I did the same!! I was shooting with our Canon 7d, 70-200 f2.8 L on a tripod. The full moon before the eclipse did ok but during the full eclipse I could not get an image of the moon. I'm still trying to find out what I should have done. We have till October to figure it out I think????


----------



## The Machine (Jun 4, 2007)

lol, thats funny:spineyes: the latter part of the response, Oct. nice


----------



## papa john (Nov 17, 2011)

*Shoot the moon!!!*

This is one I got before the eclipse got too dark.

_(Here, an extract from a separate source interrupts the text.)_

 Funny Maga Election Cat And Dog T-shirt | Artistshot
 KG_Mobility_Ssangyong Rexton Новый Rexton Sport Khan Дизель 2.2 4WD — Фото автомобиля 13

I cropped it and sharpened it a bit in elements 10. :cheers:


----------



## The Machine (Jun 4, 2007)

nice


----------



## Law Dog (Jul 27, 2010)

Nice, congrats!


----------



## The Machine (Jun 4, 2007)

what settings did you use PJ?


----------



## Shaky (May 21, 2004)

Despite my best intentions, and actually ideal location during the eclipse (Bandera) I actually slept through the whole dang thing!sad3sm:headknock

But here is a link that may help solve some problems come October, some pretty awesome shots here! 
http://digital-photography-school.com/13-images-weeks-lunar-eclipse-blood-moon/

Every time I think I'm starting to get half way decent with my camera and processing, I find something on the net that just keeps on setting the goal higher and higher! lol


----------



## The Machine (Jun 4, 2007)

thx shaky


----------



## dicklaxt (Jun 2, 2005)

I think but not sure, that the moon color to dark sky contrast would not allow a good focus acquisition. I looked at some shots on the weather channel site and I didn't think they were to good either. I just deleted what I had. I did have a good visual with the naked eye,maybe a bit of atmospheric overcast but not much.

dick


----------



## The Machine (Jun 4, 2007)

thx


----------



## Spiritinthesky (Apr 21, 2014)

Wow! Those moon pics are amazing. Good work!


----------